Family Sleep Room: Providing the ability to stay close to loved ones is important. In tandem with our waiting room revitalization, we created two rooms to provide overnight accommodations for our families.
Eliminating Visiting Hours: Our Critical Care Executive Committee voted unanimously to support open access for families, eliminating formal visiting hours. This helps accommodate family members who work late and allows loved ones to visit at their convenience, rather than at ours.
Untethering Families from the ICU
Family Pagers: Our Advisory Council pointed out the feeling that they had to stay in or near the ICU at all times, in case anything happened. We now provide pagers (think Olive Garden) to families that allow them to go to the coffee shop, cafeteria, and nearby shops with the confidence that we can page them if they are needed. These have received rave reviews from families, nurses, and doctors alike.
Computers for ICU Families: Many families use email and social networking to update extended families and friends. Access to the web and email also allows some family members to keep up with some work/employment duties while being close to loved ones. In addition to ubiquitous wireless internet, we now provide public computers in our revitalized family room. These computers open a customized ICU website which includes links to online medical resources such as SCCM’s Official Patient and Family website.
CarePages: Our hospital contracted with Carepages to provide an infrastructure to support patient- and family-created blogs about their health challenge. These private and personalized web pages allow families to share the latest news with friends and family and receive messages of support, without the time and effort required to call large numbers of people.
This comprehensive, family-guided program focused on improving the family-centeredness of critical care in our nine adult ICUs. We believe there are two measures of evaluating its effectiveness:
Organizational commitment: In this challenging environment, hospitals cannot commit resources to ineffective programs. Besides being featured on our CEO’s blog, our medical center has supported this key effort in several ways. First, a half-time critical care nurse helps lead this work. Without this, our program would not have been successful. In addition, the Division of Critical Care Quality focuses the resources of the Director of Critical Care Quality (an MD) and a Masters-trained Critical Care Project Manager. Finally, we were fortunate to receive the capital support required for our waiting room revitalization.

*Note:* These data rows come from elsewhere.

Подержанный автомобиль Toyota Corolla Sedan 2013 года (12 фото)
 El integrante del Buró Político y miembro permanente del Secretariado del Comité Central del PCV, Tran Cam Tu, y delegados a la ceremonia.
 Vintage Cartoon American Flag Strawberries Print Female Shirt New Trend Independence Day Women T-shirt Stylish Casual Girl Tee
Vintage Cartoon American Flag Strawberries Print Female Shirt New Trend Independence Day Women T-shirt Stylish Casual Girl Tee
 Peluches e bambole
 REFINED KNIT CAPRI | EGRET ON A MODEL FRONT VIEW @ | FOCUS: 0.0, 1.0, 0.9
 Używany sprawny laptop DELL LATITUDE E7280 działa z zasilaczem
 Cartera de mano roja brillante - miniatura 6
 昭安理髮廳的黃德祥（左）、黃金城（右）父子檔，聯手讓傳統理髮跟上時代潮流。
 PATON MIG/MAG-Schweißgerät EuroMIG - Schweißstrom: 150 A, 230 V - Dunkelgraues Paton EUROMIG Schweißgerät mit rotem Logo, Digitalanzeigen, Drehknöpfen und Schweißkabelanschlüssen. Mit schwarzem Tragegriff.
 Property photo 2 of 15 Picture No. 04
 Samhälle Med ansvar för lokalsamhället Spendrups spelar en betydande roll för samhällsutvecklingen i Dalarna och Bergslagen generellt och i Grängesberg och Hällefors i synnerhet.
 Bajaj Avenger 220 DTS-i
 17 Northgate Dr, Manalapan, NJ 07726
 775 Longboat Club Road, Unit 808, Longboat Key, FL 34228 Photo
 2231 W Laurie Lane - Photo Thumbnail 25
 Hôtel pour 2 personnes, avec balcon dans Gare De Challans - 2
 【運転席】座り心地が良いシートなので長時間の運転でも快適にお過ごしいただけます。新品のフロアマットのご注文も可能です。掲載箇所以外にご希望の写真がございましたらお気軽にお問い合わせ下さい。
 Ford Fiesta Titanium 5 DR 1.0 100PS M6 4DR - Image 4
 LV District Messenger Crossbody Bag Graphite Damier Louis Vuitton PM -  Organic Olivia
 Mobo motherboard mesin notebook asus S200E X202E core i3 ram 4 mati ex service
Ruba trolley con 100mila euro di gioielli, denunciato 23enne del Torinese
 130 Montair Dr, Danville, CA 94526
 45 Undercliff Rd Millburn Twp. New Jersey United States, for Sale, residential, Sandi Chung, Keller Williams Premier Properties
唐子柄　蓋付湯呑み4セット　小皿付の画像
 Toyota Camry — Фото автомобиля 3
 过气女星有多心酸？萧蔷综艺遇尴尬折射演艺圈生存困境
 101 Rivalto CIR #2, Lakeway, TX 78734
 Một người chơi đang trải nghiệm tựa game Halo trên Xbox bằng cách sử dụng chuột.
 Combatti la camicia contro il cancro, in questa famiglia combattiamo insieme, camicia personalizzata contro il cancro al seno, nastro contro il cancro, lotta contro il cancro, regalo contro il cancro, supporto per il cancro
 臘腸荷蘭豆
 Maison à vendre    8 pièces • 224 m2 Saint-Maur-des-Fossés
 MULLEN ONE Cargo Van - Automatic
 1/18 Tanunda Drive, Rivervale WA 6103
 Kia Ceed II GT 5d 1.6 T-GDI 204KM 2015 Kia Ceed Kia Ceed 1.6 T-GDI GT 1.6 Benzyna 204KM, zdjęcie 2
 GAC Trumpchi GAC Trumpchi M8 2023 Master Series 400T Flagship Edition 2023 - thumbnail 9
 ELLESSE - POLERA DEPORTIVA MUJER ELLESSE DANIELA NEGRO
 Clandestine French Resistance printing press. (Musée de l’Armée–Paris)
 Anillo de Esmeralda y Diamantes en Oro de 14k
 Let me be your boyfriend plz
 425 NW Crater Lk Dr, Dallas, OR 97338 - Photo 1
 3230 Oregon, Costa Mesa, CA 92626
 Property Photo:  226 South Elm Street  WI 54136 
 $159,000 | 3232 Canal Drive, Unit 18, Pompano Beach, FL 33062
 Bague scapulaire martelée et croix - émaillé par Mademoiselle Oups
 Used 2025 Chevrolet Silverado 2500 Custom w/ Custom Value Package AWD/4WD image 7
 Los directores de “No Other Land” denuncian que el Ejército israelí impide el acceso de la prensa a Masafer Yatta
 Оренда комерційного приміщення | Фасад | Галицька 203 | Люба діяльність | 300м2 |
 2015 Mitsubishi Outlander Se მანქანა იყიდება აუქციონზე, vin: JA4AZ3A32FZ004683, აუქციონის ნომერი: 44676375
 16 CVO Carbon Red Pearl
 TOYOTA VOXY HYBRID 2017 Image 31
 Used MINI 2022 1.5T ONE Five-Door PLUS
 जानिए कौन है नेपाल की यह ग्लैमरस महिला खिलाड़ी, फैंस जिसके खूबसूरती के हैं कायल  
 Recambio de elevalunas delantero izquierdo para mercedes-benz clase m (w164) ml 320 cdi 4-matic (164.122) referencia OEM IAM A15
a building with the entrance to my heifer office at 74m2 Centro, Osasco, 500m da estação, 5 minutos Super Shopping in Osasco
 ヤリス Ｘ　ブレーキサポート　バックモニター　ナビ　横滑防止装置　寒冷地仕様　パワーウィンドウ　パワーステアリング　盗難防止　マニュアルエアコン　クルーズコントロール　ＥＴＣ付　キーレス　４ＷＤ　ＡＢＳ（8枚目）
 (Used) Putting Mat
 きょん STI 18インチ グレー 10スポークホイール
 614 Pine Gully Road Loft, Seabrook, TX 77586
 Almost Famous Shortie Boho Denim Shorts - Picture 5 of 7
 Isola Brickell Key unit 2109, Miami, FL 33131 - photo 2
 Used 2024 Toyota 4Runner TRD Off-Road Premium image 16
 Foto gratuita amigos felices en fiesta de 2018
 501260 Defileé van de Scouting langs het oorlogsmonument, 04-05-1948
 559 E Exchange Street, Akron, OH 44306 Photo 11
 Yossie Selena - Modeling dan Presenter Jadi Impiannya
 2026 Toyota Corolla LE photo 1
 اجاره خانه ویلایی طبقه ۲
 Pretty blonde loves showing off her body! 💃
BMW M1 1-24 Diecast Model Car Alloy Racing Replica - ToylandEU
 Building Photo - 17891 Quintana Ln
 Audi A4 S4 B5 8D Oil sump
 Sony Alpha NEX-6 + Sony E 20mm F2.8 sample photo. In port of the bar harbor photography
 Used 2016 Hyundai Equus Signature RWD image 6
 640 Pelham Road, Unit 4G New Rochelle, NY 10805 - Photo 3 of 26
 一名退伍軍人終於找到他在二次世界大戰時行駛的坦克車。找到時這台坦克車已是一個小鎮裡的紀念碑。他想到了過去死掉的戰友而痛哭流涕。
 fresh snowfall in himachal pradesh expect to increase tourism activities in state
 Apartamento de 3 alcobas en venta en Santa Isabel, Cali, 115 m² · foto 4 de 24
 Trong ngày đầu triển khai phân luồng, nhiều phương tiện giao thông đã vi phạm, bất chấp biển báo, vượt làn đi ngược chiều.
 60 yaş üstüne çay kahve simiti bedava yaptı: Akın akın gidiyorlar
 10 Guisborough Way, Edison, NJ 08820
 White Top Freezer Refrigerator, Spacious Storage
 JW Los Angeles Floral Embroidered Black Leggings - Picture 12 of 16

Improvement in Outcomes: The FS-ICU provides an opportunity to rigorously measure family-centered outcomes of our work. In addition to statistically significant improvements in spiritual care and waiting room scores, we have seen consistent improvements in families’ rating of overall satisfaction with decision-making, which we believe represents a true outcome measure of our improvement work. In the baseline period (n=45 surveys), 40% of families reported complete satisfaction with their decision-making role. In the past six months, 66% of families report complete satisfaction with decision-making (n=95); in the past three months, 82% of families report this highest level of satisfaction (n=34). Mean decision-making satisfaction scores have correspondingly increased from 3.7 to 4.85 (p=0.005 for Spearman correlation between month and mean decision-making score).
1. Wall RJ, Engelberg RA, Downey L, Heyland DK, Curtis JR. Refinement, scoring, and validation of the Family Satisfaction in the Intensive Care Unit (FS-ICU) survey. Crit Care Med. Jan 2007;35(1):271-279.